How to Handle a Bat-Flipping Long-Pips Player

Originally published 2026-03-19 · Translated & republished with permission

This is a brand-new, technique-focused column in a question-and-answer format. The mystery figures answering are two former national team members, both now veteran coaches. So the “Reaching the Summit” column was born.

Against a bat-flipping long-pips player, is there an effective tactic?
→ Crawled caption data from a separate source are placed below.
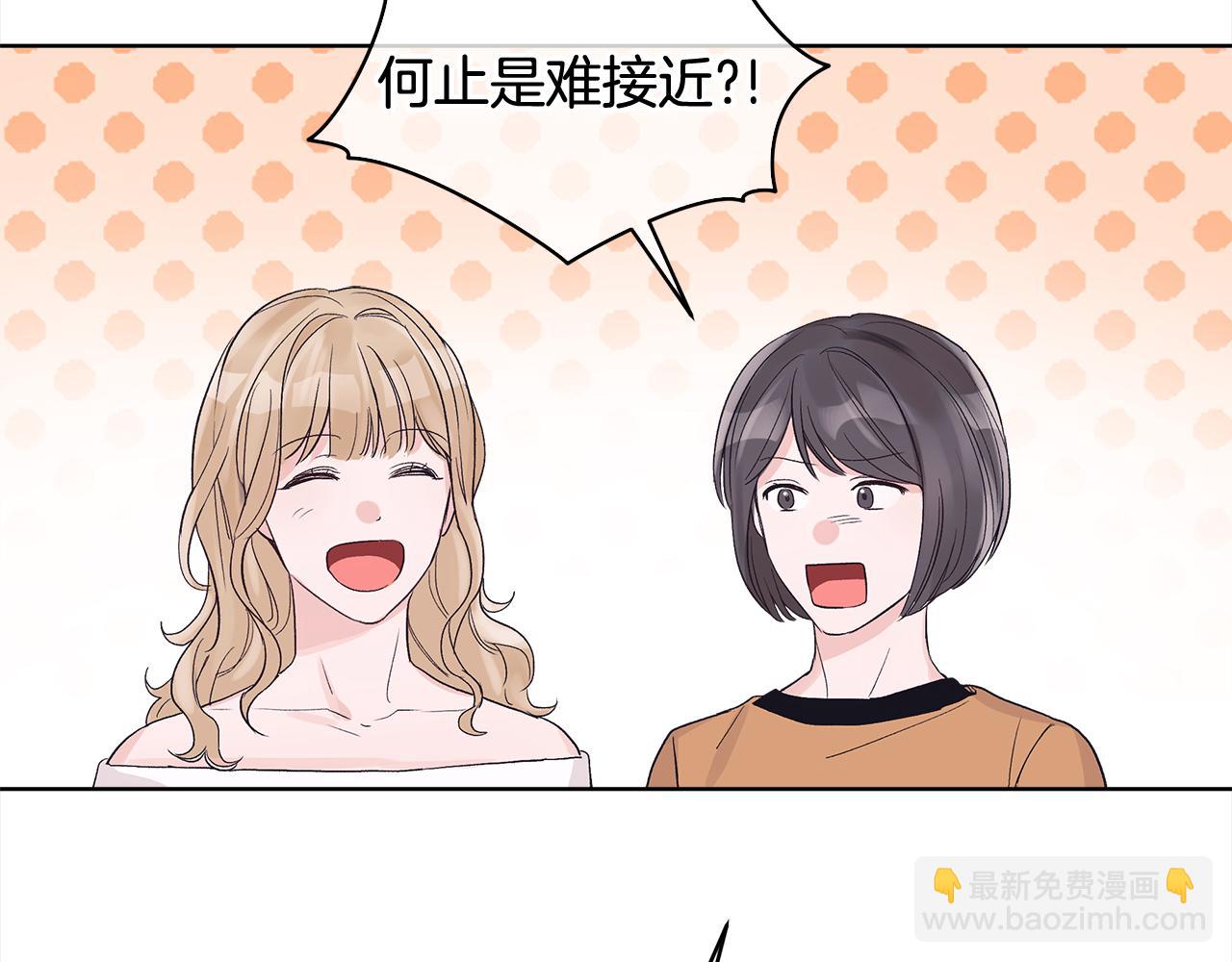 第4话 吃醋40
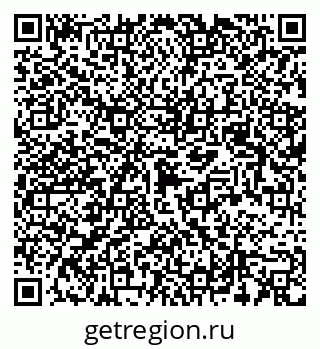 79123010132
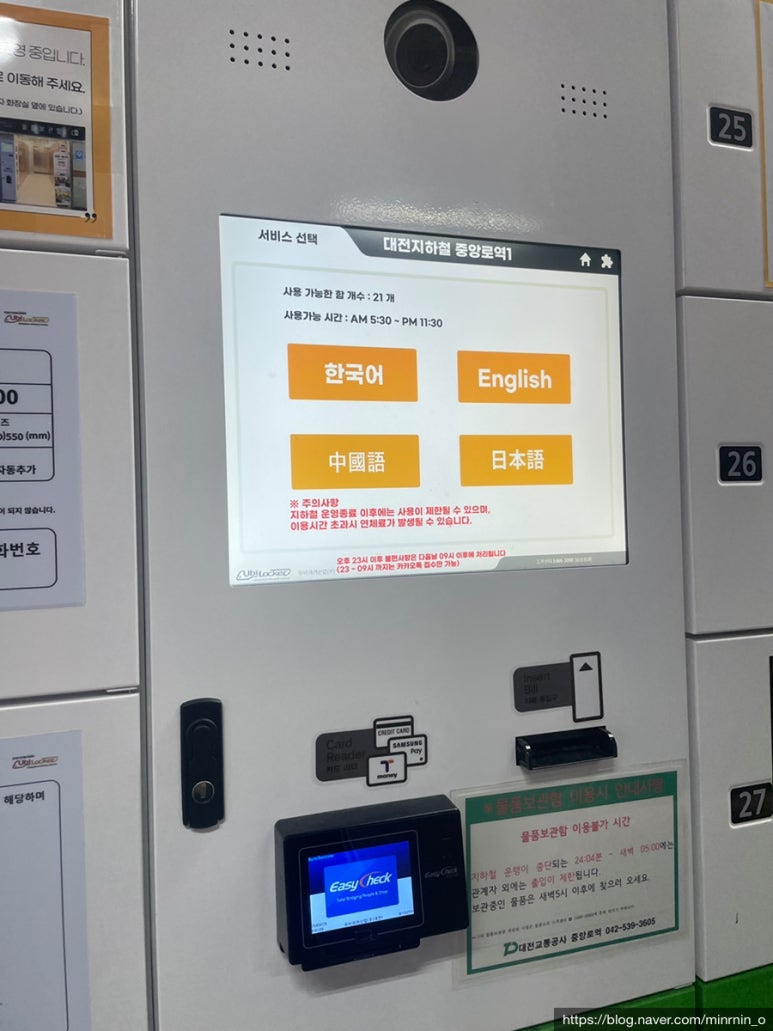 홀리카대전 이미지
Serve a weak underspin long ball to the opponent’s baseline, no sidespin; as long as the opponent does not pivot-rip on the receive, then what he receives with long pips is mostly no-spin. The next ball, we rip hard. Receiving is the same — directly chop long (weak underspin) to the opponent’s baseline, then when he bumps it over, we rip hard. (Heima’s aside: clearly, this national veteran’s advice suits players above 1800. If you cannot rip, I suggest a backhand power-push, or for shakehand, a backhand flick down the line to the opponent’s forehand — fast!) If your underspin-loop foundation passes, you can appropriately serve a side-underspin (more side, less under) short to the opponent’s forehand. The opponent push-touching back with inverted rubber will also go off the table, and you can seize this ball too. (Heima’s aside: if the opponent receives this with long pips, he easily catches the sidespin. If it does not work, keep serving pure-underspin long balls. And not too spinny.)

My play always relies on the forehand loop-drive, pivoting to use the forehand too. How do I develop toward two-wing balance?

One important reason may be your opponents are too weak, unable to defend your forehand rip. If they could defend, your loop-drive has little effect — he defends you a wide angle, you go pick up the ball, and over time you dare not pivot for the forehand. Find better-defending opponents, and naturally you will add the backhand system, knowing you must win by quick-exchange and two-wing loops. At the same time, you must “deliberately” use the backhand to get on the offensive and play patterns.

After leading I forget how to play, not knowing how to score — what do I do?

One, try serves you have not served much before; though not your forte, no harm trying — maybe a surprise effect. Two, do not demand too-high return quality; aim for angle and landing first. Three, if the opponent is fairly anxious, slow down your receive while slowing your serve speed. Four, change the striking rhythm, and the opponent will err on his own.